NIEUWS: Universiteiten van Nederland realiseren zich niet dat ze de taalwetgeving schenden

Eind oktober stuurde BON een brief aan (onder veel meer) Pieter Duisenberg van de Universiteiten van Nederland, waarin ze vroeg wanneer de universiteiten gaan beginnen met het naleven van de taalwetgeving die vereist dat het Nederlands in alle opleidingen in het hoger onderwijs serieus wordt genomen. Onlangs ontving BON een antwoord van de heer Duisenberg, waaruit blijkt dat zijn organisatie niet op de hoogte is van het feit dat de universiteiten deze taalwetgeving overtreden en dat de Inspectie van het Onderwijs dat ook heeft geconstateerd. Hieronder is het antwoord van BON hierop integraal te lezen (en hier in pdf-formaat).

 

Betreft: Handhaving artikel 1.3(5) en artikel 7.2 WHW

Geachte heer Duisenberg,

Hartelijk dank voor uw antwoord op onze brief.

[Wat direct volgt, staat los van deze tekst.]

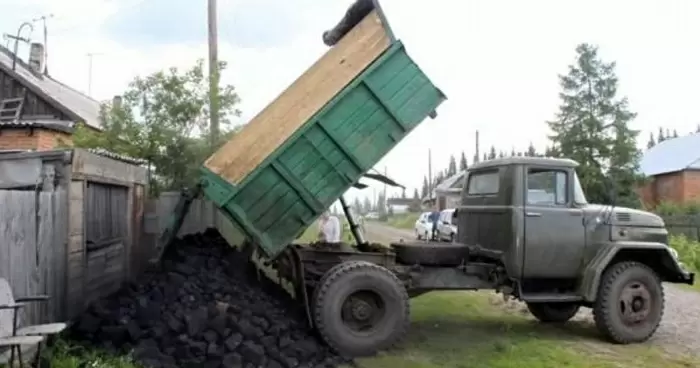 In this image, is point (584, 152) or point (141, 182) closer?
point (141, 182)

Wij stellen vast dat uw brief geen inhoudelijke weging van onze argumenten bevat. De Universiteiten van Nederland geven geen weerwoord op onze opsomming van de vele nadelige gevolgen van het op grote schaal verwijderen van de landstaal uit bacheloropleidingen, waarmee het publieke belang geschaad wordt.

Wat het juridische aspect betreft, schrijft u: ‘De Inspectie van het Onderwijs heeft eveneens geen overtreding van artikel 7.2 WHW geconstateerd bij de Nederlandse universiteiten.’ Uit deze zin leiden wij af dat de Universiteiten van Nederland in de veronderstelling verkeren dat de Inspectie van het Onderwijs geen overtreding van de wet heeft vastgesteld wat betreft de verengelsing van opleidingen.

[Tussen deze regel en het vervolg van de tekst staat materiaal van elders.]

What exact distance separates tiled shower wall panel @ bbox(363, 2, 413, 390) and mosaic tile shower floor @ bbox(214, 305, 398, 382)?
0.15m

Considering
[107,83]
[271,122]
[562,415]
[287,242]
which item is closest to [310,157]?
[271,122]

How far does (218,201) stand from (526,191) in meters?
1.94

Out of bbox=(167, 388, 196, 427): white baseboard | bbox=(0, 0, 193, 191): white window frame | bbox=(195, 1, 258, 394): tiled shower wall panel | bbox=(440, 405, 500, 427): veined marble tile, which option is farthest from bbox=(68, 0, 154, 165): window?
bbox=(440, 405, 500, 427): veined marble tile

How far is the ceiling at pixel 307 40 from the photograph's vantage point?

In het rapport Nederlands of niet: gedragscodes en taalbeleid in het hoger onderwijs (2018) van de Inspectie valt echter het volgende te lezen:

‘Er zijn 77 instellingen die onderwijs verzorgen in een andere taal dan het Nederlands. Daarvan beschikken er 43 over een gedragscode als voorgeschreven in de WHW. De overige 34 instellingen – twee bekostigde universiteiten, zestien bekostigde hogescholen en zestien niet-bekostigde onderwijsinstellingen, hebben geen gedragscode en voldoen daarmee niet aan de wet.’ [p. 4]

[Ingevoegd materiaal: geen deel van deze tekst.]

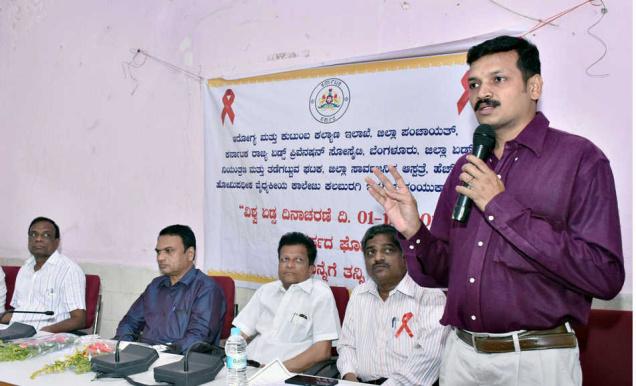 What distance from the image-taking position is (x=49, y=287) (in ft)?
14.8

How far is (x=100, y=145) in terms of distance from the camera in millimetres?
5129

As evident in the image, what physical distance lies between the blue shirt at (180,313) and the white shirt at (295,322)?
0.88 feet

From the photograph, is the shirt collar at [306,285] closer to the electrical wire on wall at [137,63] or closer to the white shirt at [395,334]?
the white shirt at [395,334]

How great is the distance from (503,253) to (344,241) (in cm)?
195

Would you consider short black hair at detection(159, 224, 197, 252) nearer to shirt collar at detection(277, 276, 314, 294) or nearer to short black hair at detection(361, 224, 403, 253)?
shirt collar at detection(277, 276, 314, 294)

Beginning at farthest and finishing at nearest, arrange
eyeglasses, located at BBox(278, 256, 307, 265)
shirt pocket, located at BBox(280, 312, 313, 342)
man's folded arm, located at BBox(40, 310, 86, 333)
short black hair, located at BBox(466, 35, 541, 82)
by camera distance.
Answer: man's folded arm, located at BBox(40, 310, 86, 333) < eyeglasses, located at BBox(278, 256, 307, 265) < shirt pocket, located at BBox(280, 312, 313, 342) < short black hair, located at BBox(466, 35, 541, 82)

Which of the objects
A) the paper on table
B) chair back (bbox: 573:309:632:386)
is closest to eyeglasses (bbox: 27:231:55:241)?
the paper on table

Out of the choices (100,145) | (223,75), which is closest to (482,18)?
(223,75)

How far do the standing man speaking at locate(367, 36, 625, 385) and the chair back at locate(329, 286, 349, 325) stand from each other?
146cm

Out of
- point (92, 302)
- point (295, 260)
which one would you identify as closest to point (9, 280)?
point (92, 302)

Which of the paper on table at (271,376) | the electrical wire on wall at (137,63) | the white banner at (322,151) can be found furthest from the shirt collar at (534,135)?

‘De wet schrijft voor dat onderwijs alleen in een andere taal dan het Nederlands kan worden verzorgd als dit noodzakelijk is. Deze noodzakelijkheid wordt over het algemeen genoemd, maar niet uitgewerkt in de gedragscodes. […] De door de instellingen zelf opgestelde gedragscodes geven in die zin enkel handreikingen aan de taalkeuze, terwijl de wetgeving voorschrijft dat een andere taal dan het Nederlands alleen mogelijk is indien de noodzakelijkheid vaststaat.’ [p. 23-24]

‘Landelijk taalbeleid (inclusief wetgeving) én het taalbeleid van instellingen zouden een afweging moeten maken van de verschillende voor- en nadelen van het gebruik van een andere taal dan het Nederlands. De gedragscodes in haar huidige vorm slagen er niet in die gewenste afweging te laten zien. In veel gevallen ontbreekt de gedragscode en als er een code is, dan is de invulling vaak summier. Ze voldoen daarmee niet aan de huidige wet.’ [p. 37]

Wij beraden ons op een nadere reactie.